General information
- Type: Hybrid triplane box wing
- National origin: Great Britain
- Manufacturer: Faradair Aerospace
- Status: In development

= Faradair Aerospace BEHA =

The Faradair Aerospace BEHA is a sustainable hybrid-electric aircraft design currently under development in the UK.

==Development==
The BEHA is a hybrid-electric utility aircraft currently under development at Duxford Airfield in Cambridgeshire, UK and the University of Swansea in Wales. BEHA is an acronym for Bio-Electric-Hybrid-Aircraft. The aircraft has evolved from early concept launched in 2014 to an 18 seat FAA part 23 regulation aircraft design that is to be powered by twin Magni500 electric motors developed by MagniX in a contra-rotating pusher propfans ducted fan configuration. The electric motors are to be powered by a Honeywell Turbogenerator running either Sustainable Aviation Fuel or JetA.
The aircraft has a Triple Box-wing configuration in all carbon composite construction and is also now supported by Nova Systems in the prototype development, Cambridge Consultants in the hybrid powertrain development.

In July 2020, Faradair announced a move to Duxford Airfield in Cambridgeshire from its original Cirencester base, to form part of the new Duxford Avtech aerospace development programme.
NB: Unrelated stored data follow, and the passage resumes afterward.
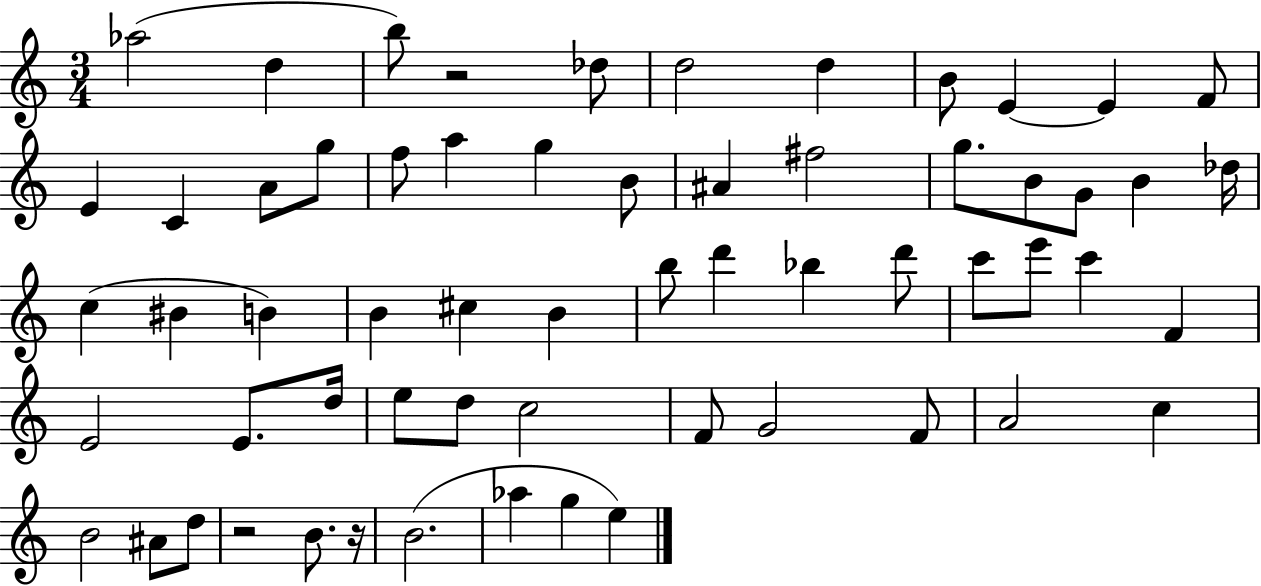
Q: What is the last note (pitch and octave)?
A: E5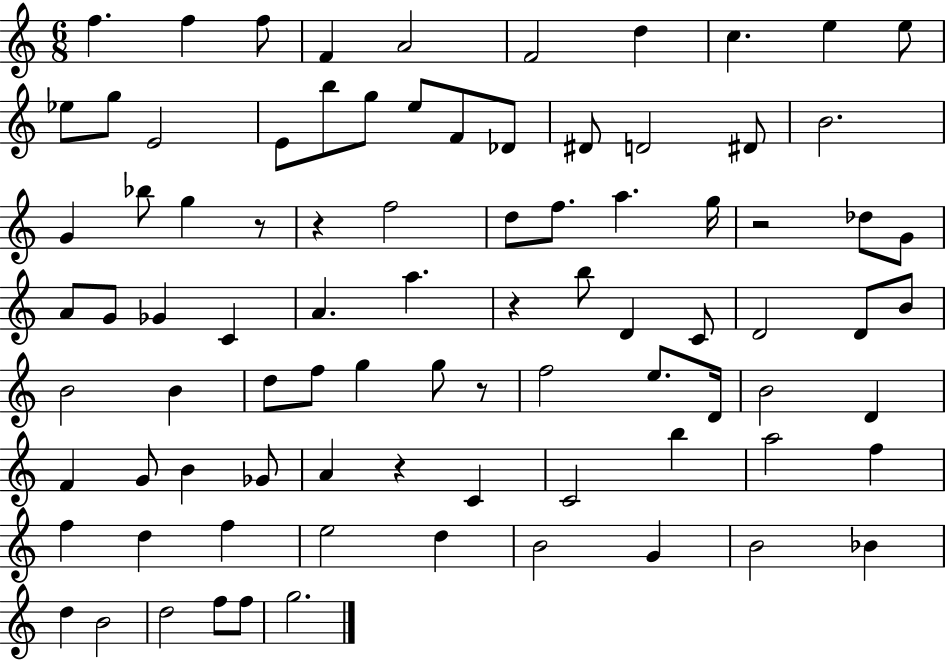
{
  \clef treble
  \numericTimeSignature
  \time 6/8
  \key c \major
  f''4. f''4 f''8 | f'4 a'2 | f'2 d''4 | c''4. e''4 e''8 | \break ees''8 g''8 e'2 | e'8 b''8 g''8 e''8 f'8 des'8 | dis'8 d'2 dis'8 | b'2. | \break g'4 bes''8 g''4 r8 | r4 f''2 | d''8 f''8. a''4. g''16 | r2 des''8 g'8 | \break a'8 g'8 ges'4 c'4 | a'4. a''4. | r4 b''8 d'4 c'8 | d'2 d'8 b'8 | \break b'2 b'4 | d''8 f''8 g''4 g''8 r8 | f''2 e''8. d'16 | b'2 d'4 | \break f'4 g'8 b'4 ges'8 | a'4 r4 c'4 | c'2 b''4 | a''2 f''4 | \break f''4 d''4 f''4 | e''2 d''4 | b'2 g'4 | b'2 bes'4 | \break d''4 b'2 | d''2 f''8 f''8 | g''2. | \bar "|."
}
A new prototyping hangar is to be built at the historic airfield with the company announcing partnership with Imperial War Museum Duxford and Gonville & Caius College as part of the relocation.

The company plans to have a prototype completed by 2024 and begin operational trials by 2026, however, as of November 2024, no announcement of a prototype being built or commenced has been forthcoming.